Would the moon remember her own stories, he asked, or would the stars remember for her? If a star fell out of the sky, would some stories be lost forever?

I didn’t know that either. Maybe if we catch a falling star, we’ll learn, I told him.

Or maybe, he said, we should give the moon a new story, he said. To replace her lost ones.

Nestled in the sand, we told stories to the sea, and the moon, and all the stars until our lips were numb. He swore he could see a smile on the moon’s face. The sun finally started to rise, and we began the walk back.

I flicked water at him and skipped ahead. I wondered aloud if the sun had any stories.

He just smiled. Perhaps we should stop and tell it some, just in case, he said.

~

A breeze blew through my thin sweater. I might have felt the cold, if I was capable of feeling anything at all. The sky was different. Empty.

It didn’t matter to me.

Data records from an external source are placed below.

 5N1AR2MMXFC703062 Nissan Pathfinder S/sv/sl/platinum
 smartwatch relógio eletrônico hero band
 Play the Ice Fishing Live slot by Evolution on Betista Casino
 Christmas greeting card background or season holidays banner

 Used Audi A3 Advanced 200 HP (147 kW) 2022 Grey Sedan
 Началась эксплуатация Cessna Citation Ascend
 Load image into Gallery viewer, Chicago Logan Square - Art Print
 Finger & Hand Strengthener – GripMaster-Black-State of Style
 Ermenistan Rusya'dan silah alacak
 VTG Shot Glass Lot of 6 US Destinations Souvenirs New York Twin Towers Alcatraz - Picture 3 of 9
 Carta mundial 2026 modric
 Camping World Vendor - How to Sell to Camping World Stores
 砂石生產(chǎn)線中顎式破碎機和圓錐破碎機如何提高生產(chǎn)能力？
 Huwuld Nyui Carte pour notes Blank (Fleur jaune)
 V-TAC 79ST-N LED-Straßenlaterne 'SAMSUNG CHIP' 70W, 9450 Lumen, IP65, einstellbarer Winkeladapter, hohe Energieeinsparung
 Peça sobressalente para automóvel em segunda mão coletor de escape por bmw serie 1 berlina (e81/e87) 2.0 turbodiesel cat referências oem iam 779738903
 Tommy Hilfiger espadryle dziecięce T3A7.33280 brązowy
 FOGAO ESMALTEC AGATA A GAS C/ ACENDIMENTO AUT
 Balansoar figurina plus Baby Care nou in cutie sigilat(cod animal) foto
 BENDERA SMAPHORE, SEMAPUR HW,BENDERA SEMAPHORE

I had my own constellations.

From the south window of the house, The Leaning Tower of Eiffel would have been visible. Twin Giraffes usually lived near our bedroom. I looked straight up. There was no moon, and no Tuesday Night Pizza.

The names of the galaxies I once knew fell away. I would rename them, just this once.

That one would be called Westerly Wind. And across the sky, I could see Maelstrom Extraordinaire. There, Melting Clock. Just above the mountain peak was A Sleeping Sloth.

He would have said that I was too boring. It required imagination to name the stars, he’d once said. I wanted to laugh, but the sound wouldn’t come.

How dare you, I whispered. I hoped the moon could hear, wherever she was.

We were supposed to have an infinity, I said. We were meant to be limitless and untethered from the universe.

If the moon wants a story, I said, tell her to listen.

I brushed the tears from my cheeks, smearing them across Our Horizon.

~

His hand reached for mine, and our fingers twined themselves together.